Ein Vorsatz und noch vor dem Neuen Jahr wird er gebrochen; du kannst dich zurückhalten, sagst du und diese vier Wörter sind mein Silvesterwunder, mein eigener Vorsatz steht aufrecht im Raum. Immerhin ein gehaltenes Vorhaben, immerhin ein Kuss in den Nacken, immerhin du und dein manchmal sparsames Lächeln, dein durch irgendeinen seltsamen Nebel leuchtendes Lächeln, das mehr aus den Augen strahlt als sonst irgendwoher.

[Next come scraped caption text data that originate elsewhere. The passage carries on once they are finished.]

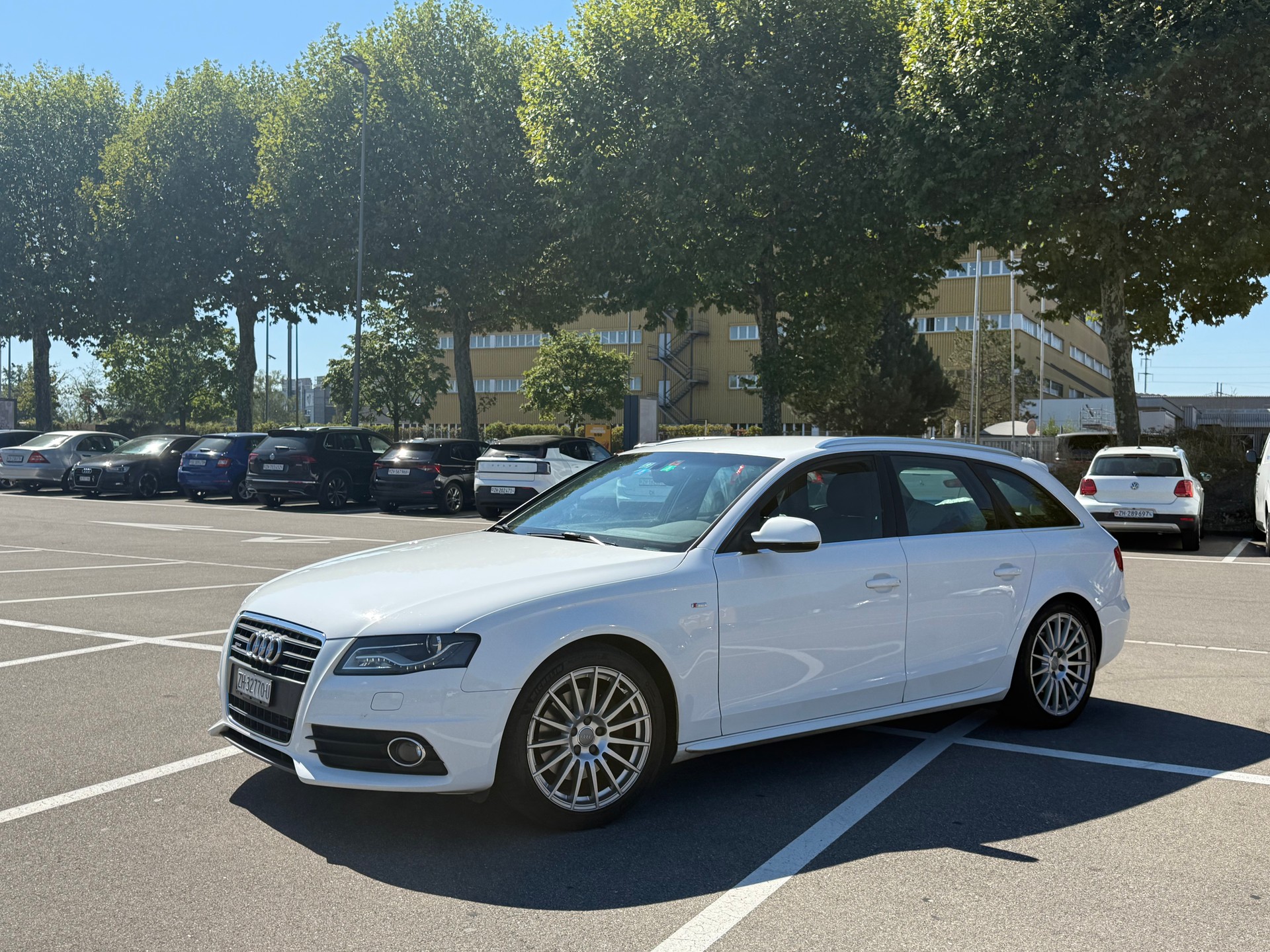 AUDI A4 Avant 2.0 TFSI quattro-image-0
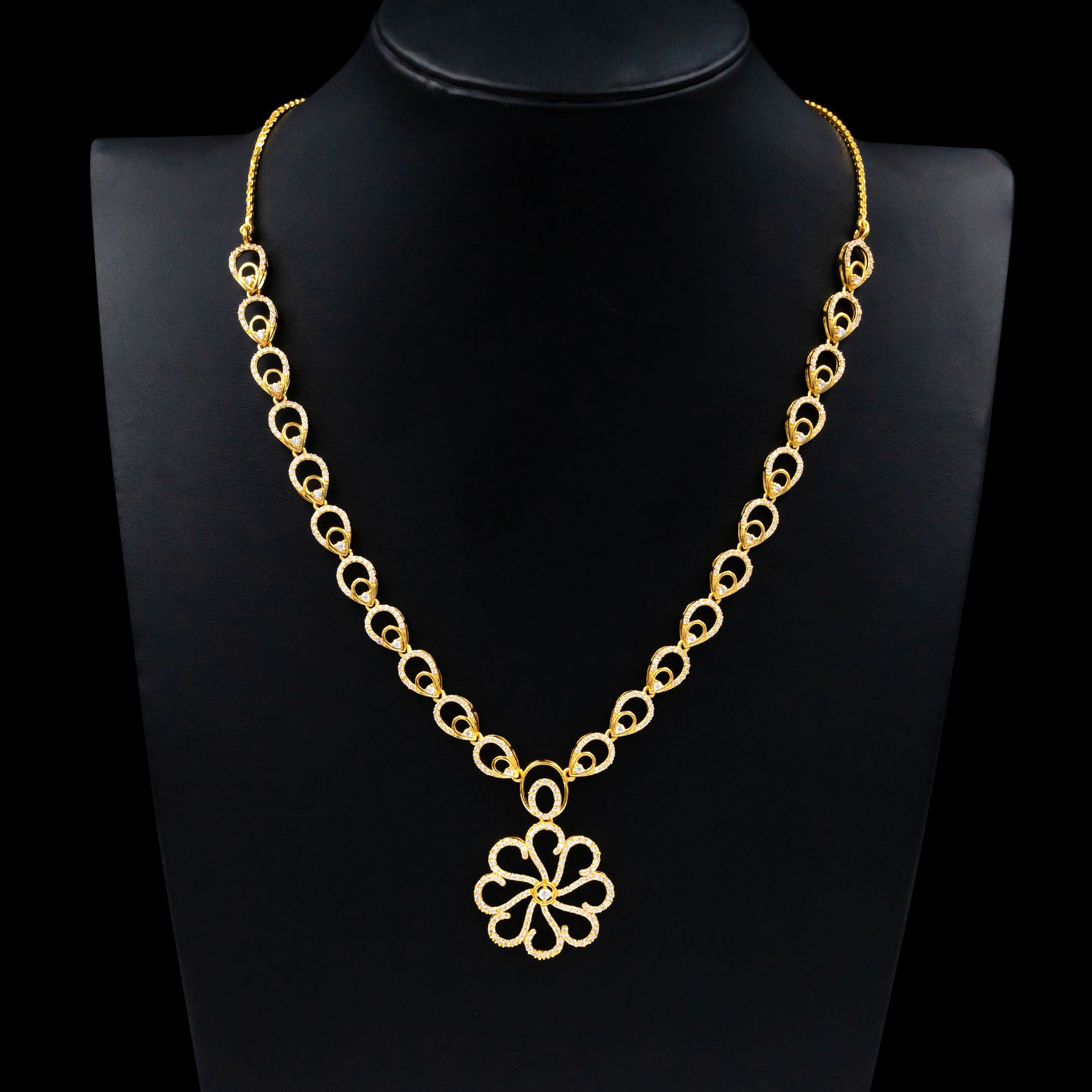pendant necklace at parakkat jewels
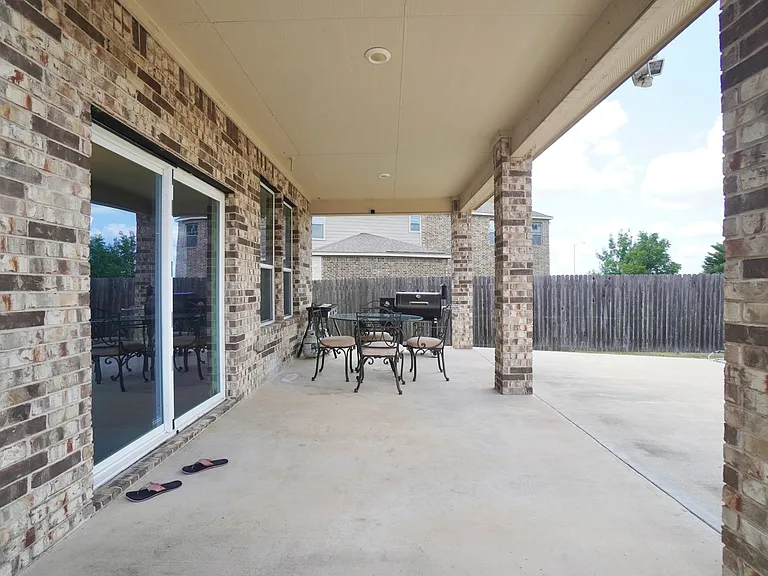 7016 Lickeen Ct — Photo 37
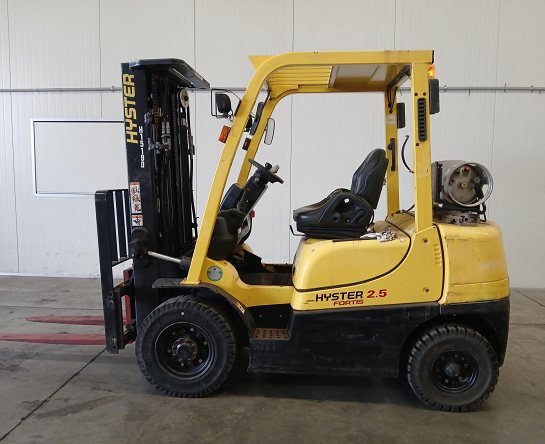 Used Forklift: HYSTER H2.5TX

Und durch die Nacht will ich sagen: bleib, bleib doch, komm wieder zurück, das Sofa ist frei und die Badewanne auch und mein Bett erst recht, ich habe sogar ein Kissen für dich und einen wärmenden Körper und einige Stunden ohne Fragen, das ist doch, was wir alle so sehr brauchen: fragloses Glück, ab und an, fragloses Beieinandersein hin und wieder; die Antworten kommen ohnehin irgendwann von selbst, früher oder eben später, was macht das schon für einen Unterschied.

26. Oktober 2012

ich, das sind immer die anderen

Uns Rumtreiben, das können wir. Uns so lange beschäftigen, bis die Gedanken einfach schweigen und nachts dann alles über uns hereinbricht, in einem Donnerwetter im Kopf und mit der Schwere eines vergessenen Lächelns. Dann wälzen wir uns als Bettdeckenwurst hin und her, bis in der Matratze eine Kuhle entsteht, in der wir uns verstecken wollen vor dem Bösen der Welt, aber die Katze maunzt so jämmerlich, dass wir uns irgendwann doch auf- und die wirren Gedanken zusammenraffen. Da lacht der Tag und der Kühlschrank ist leer wie dein Bauch, Hauptsache Kaffee und Milch ist da, es sind die einfachen Dinge, die uns am Leben halten und die komplizierten, die uns den Kick in die Fresse geben; hallo Welt, ich hab noch nicht aufgegeben, bekomme ich jetzt einen Fleißstern? aber die Welt lächelt nur grau und faltig, während die Katze auf deinem Schoß schnurrt und schnurrt und schnurrt, kuschelwarm weich und du formulierst in deinem angeschlagenen Kopf die erste Wahrheit des Tages:  für wen machen wir das eigentlich, wenn nicht für die anderen.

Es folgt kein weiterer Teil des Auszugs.